▶ _The input_
==================================================

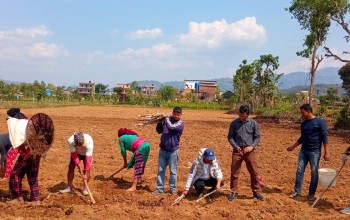 जग्गा भाडामा लिएर सामूहिक उखुखेती गर्दै पाल्पाका युवा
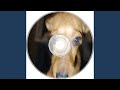 KARMA (The Tuff Dog)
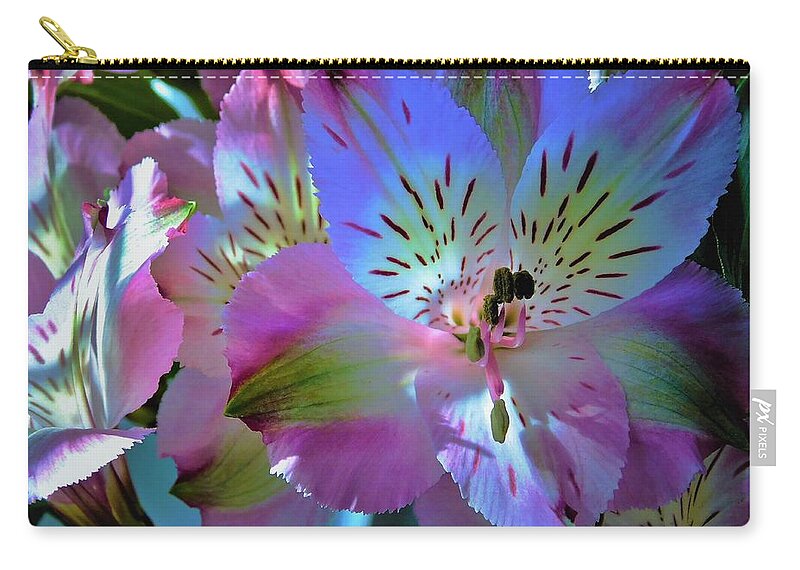 - Alstroemeria 1 Zip Pouch featuring the photograph - Alstroemeria 1 by THERESA Nye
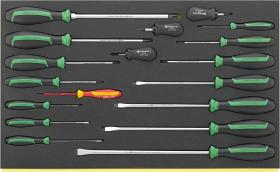 Stahlwille 96831179 - JUEGO DE DESTORNILLADORES EN BANDEJA TCS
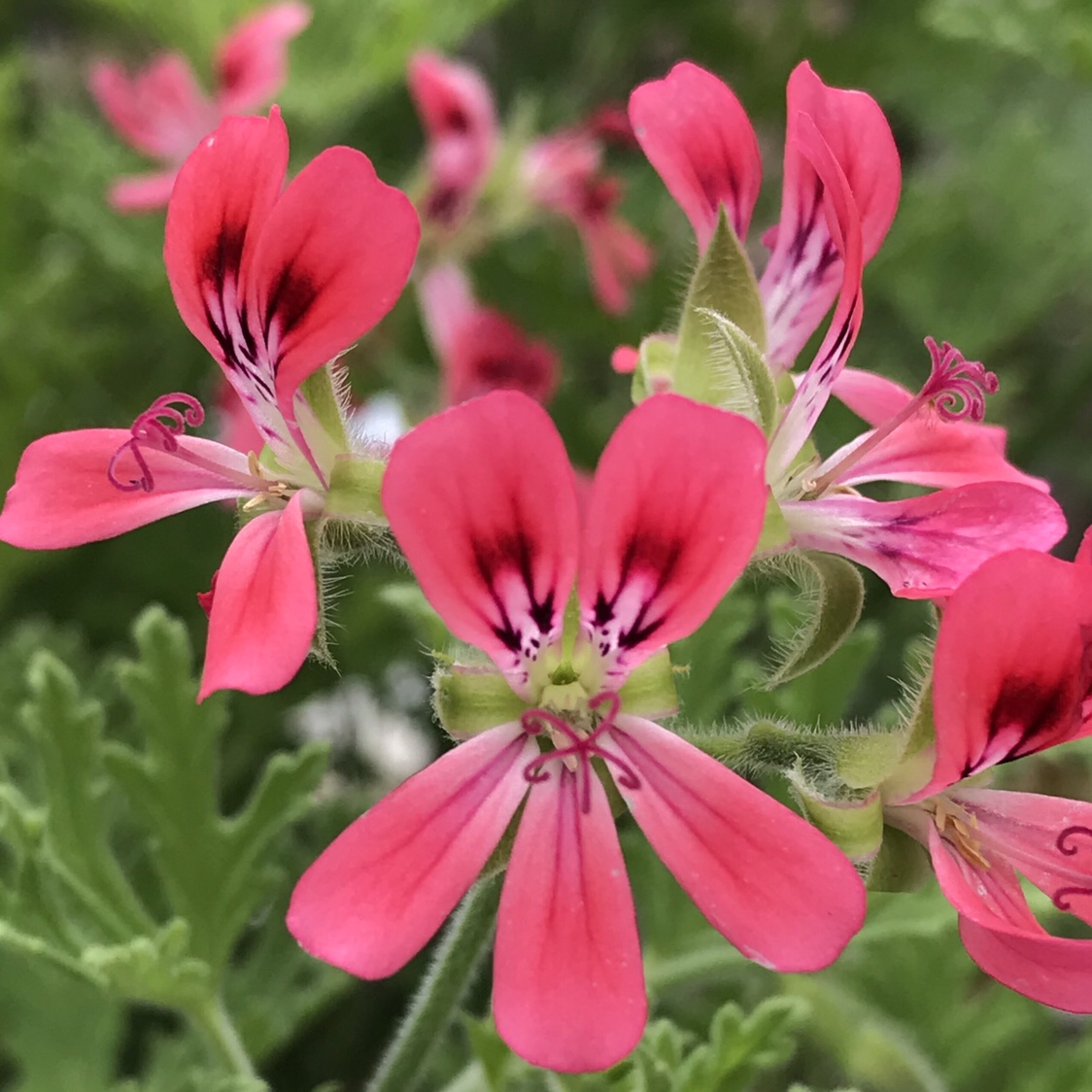 センテッドゼラニウム 花撮影技術 植物園紹介 花のブログ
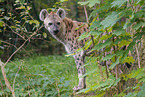 spotted hyena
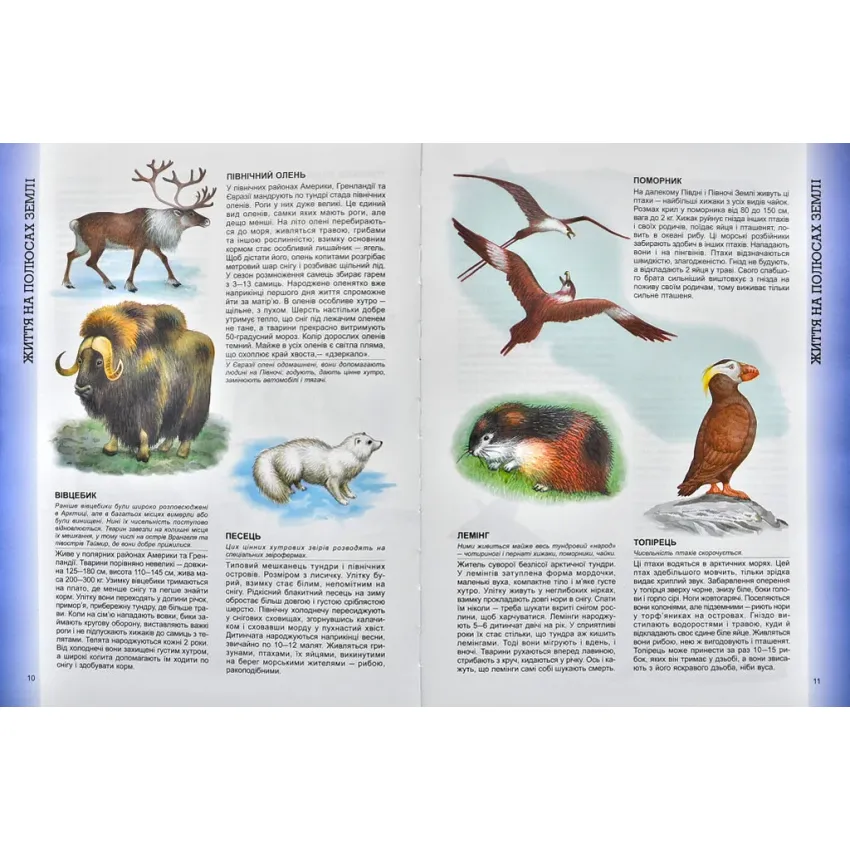 Велика енциклопедія тварин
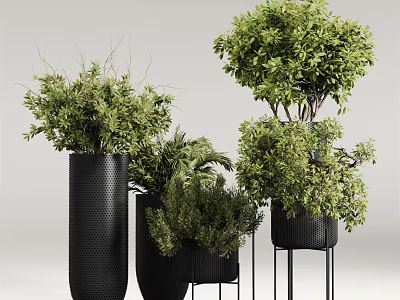 Stylish Bonsai Potted Plants in Black Planters with Metal Stands for Indoor Decor 3d model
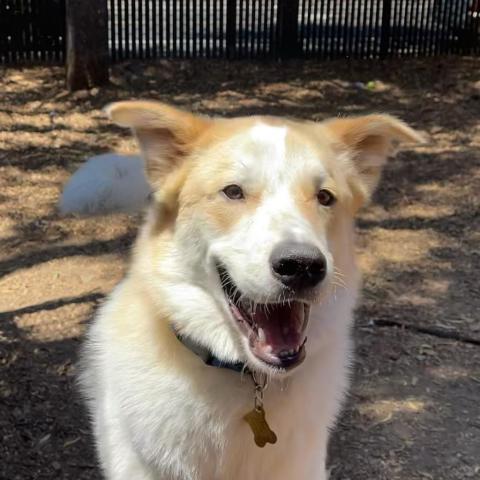 ODIE, an adoptable Great Pyrenees, Cattle Dog in Point Richmond, CA, 94801 | Photo Image 2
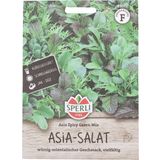 Salat Mischung "Asia Spicy Green Mix"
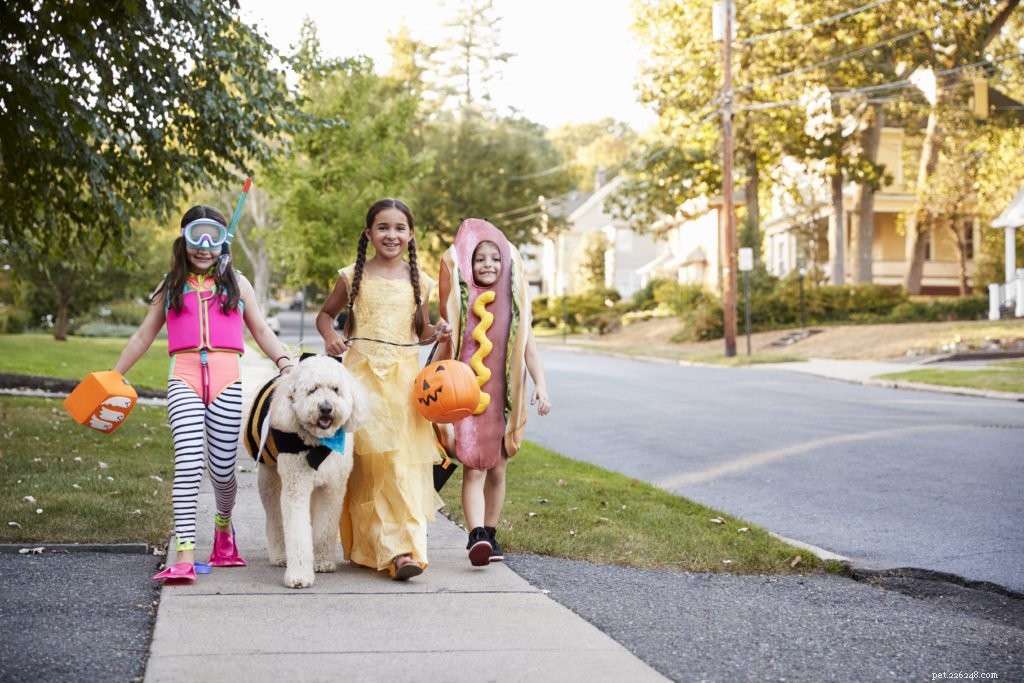 Is Chocolate Safe for Dogs? Expert Answers for Halloween Treats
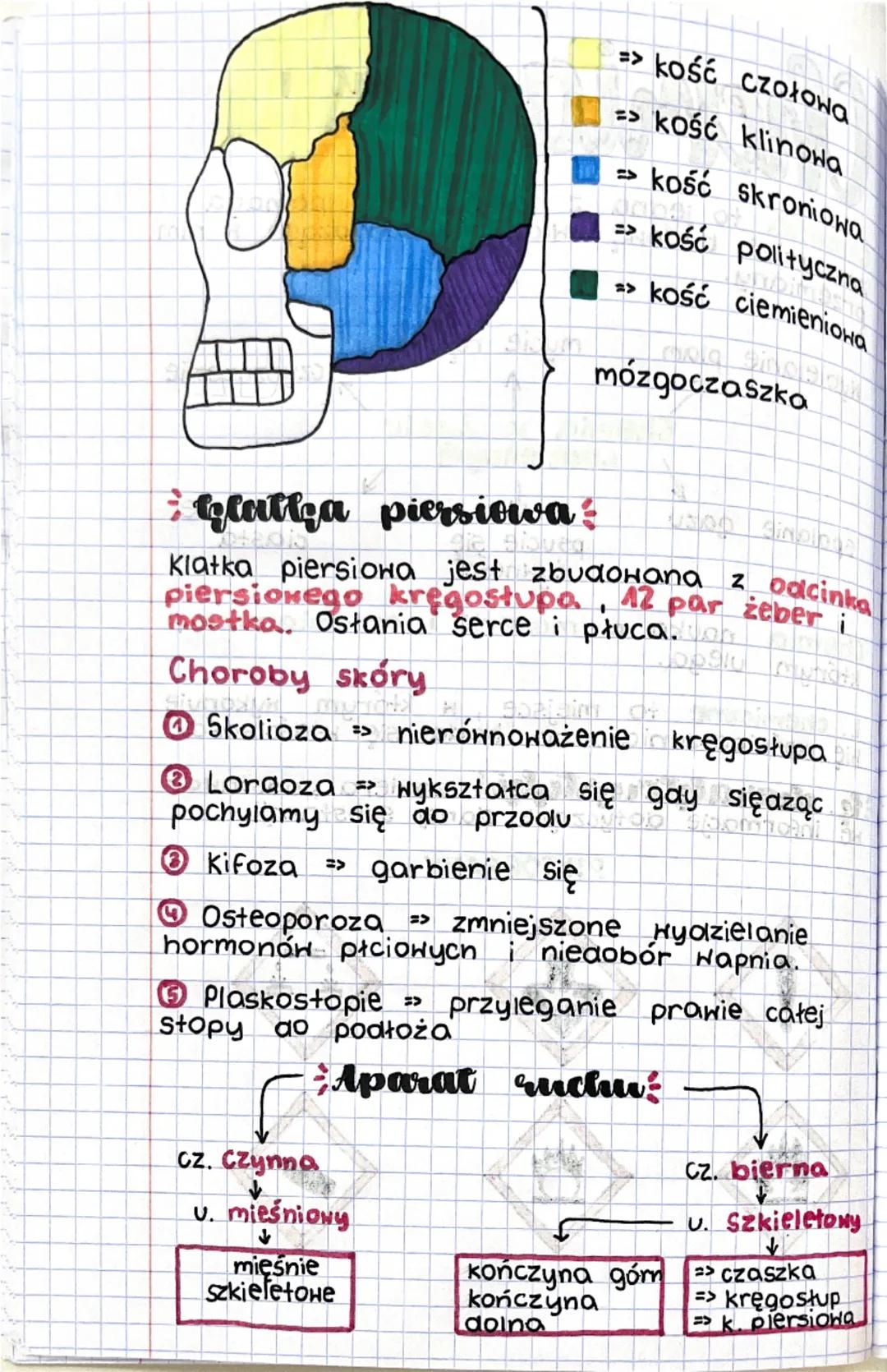 # biologia Diat2
Szkielet osiowy
=> Czaszka, chroni mózg oraz inne narządy
W głowie
=> Klatka piersiowa, chroni płuca i serce
> Kręgosłu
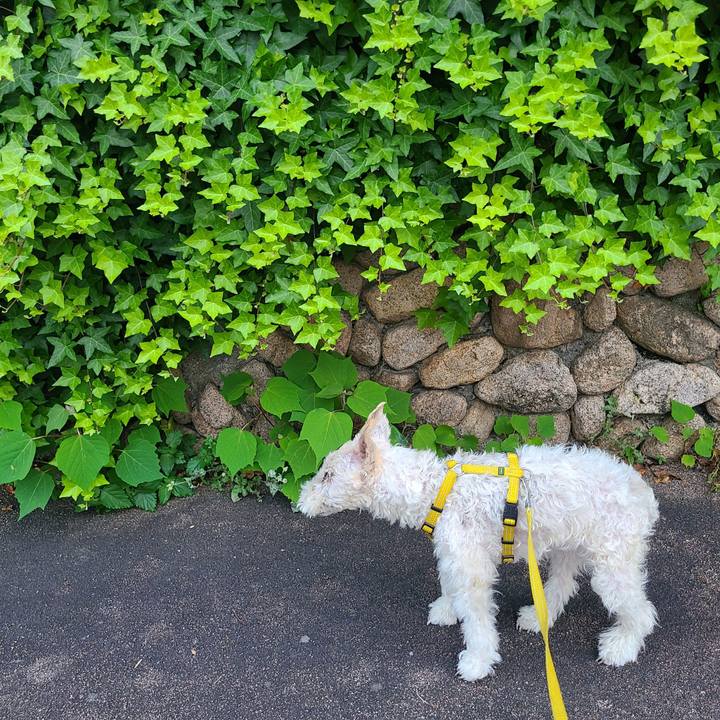 E70624db 25fe 4d44 8f3a d8e4c101cbbc 1716101280567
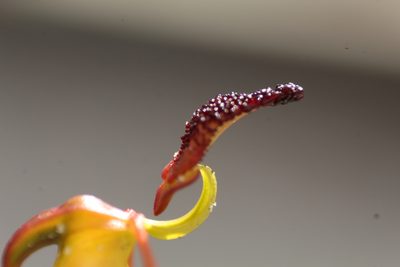 Caleana nigrita, photographed by Em Lamond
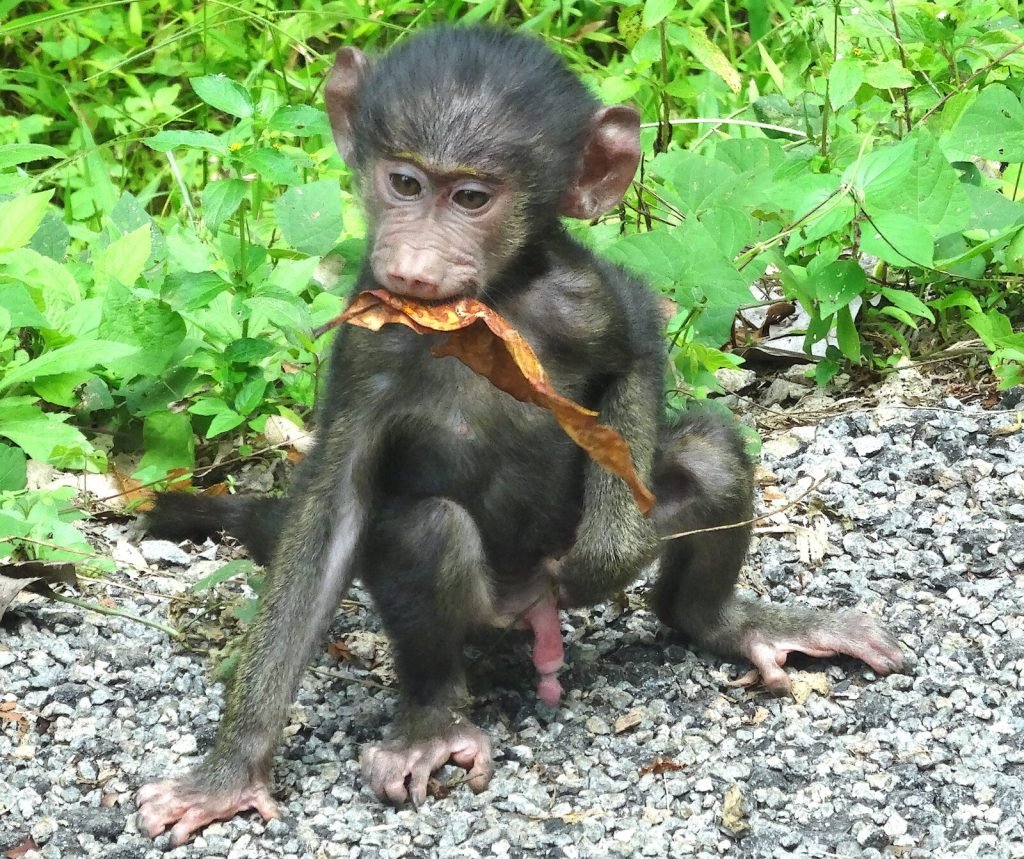 3 Days Discover Chimpanzee in Kibale - Short Uganda Safaris 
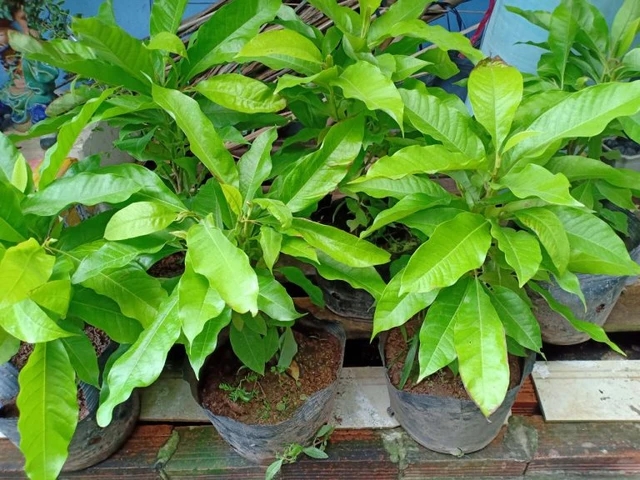 Các cây cảnh trồng ban công này vừa đẹp vừa hỗ trợ chữa bệnh trong những trường hợp khẩn cấp-3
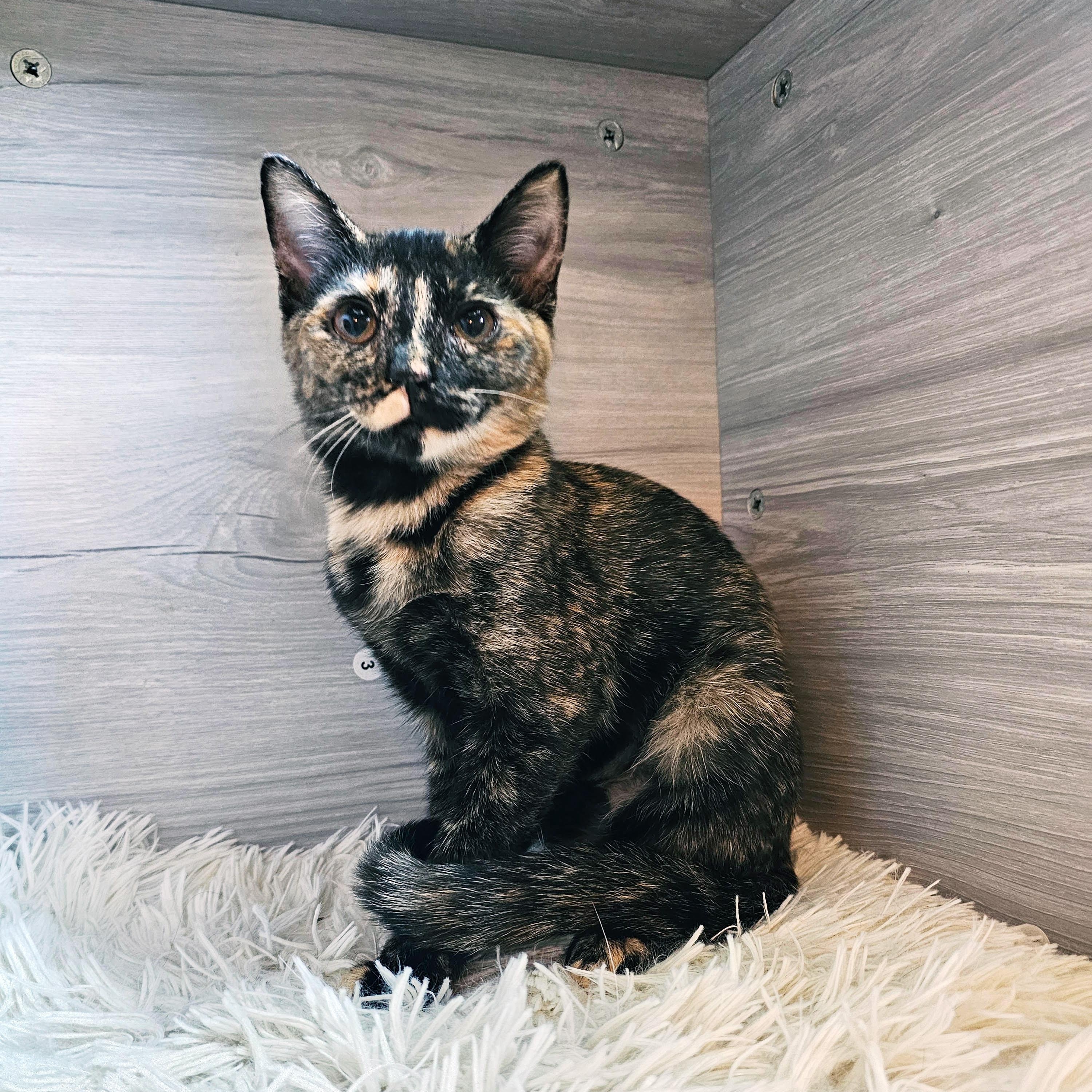 Enlarge Clode, a ADOPTABLE Domestic Short Hair in Apex, NC image 2/6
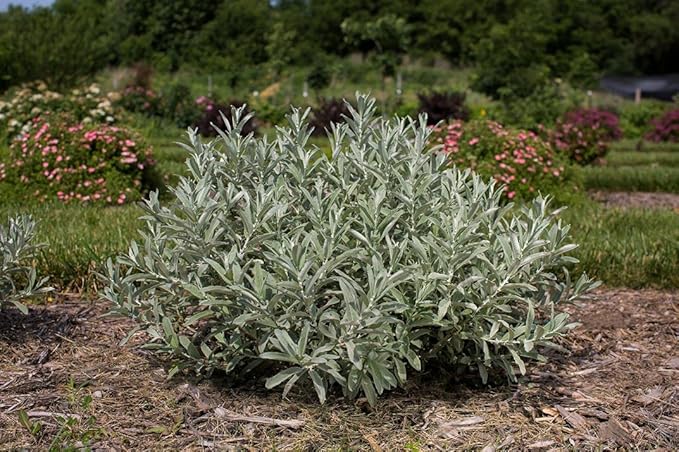 Salix Candida Iceberg Alley (Sageleaf Willow) Shrub, 2-Size Container, Silvery Foliage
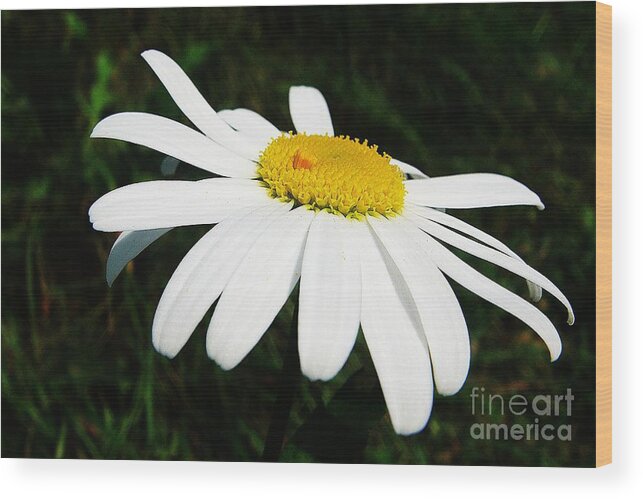 Chrysanthemum Wood Print featuring the photograph White chrysanthemum by Karin Ravasio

==================================================

Every line from the one with "E70624db 25fe 4d44" through the end of the records is to be reproduced exactly, and the pictures are to be left out.

▶ _Reply to the task_
 E70624db 25fe 4d44 8f3a d8e4c101cbbc 1716101280567
 Caleana nigrita, photographed by Em Lamond
 3 Days Discover Chimpanzee in Kibale - Short Uganda Safaris 
 Các cây cảnh trồng ban công này vừa đẹp vừa hỗ trợ chữa bệnh trong những trường hợp khẩn cấp-3
 Enlarge Clode, a ADOPTABLE Domestic Short Hair in Apex, NC image 2/6
 Salix Candida Iceberg Alley (Sageleaf Willow) Shrub, 2-Size Container, Silvery Foliage
 Chrysanthemum Wood Print featuring the photograph White chrysanthemum by Karin Ravasio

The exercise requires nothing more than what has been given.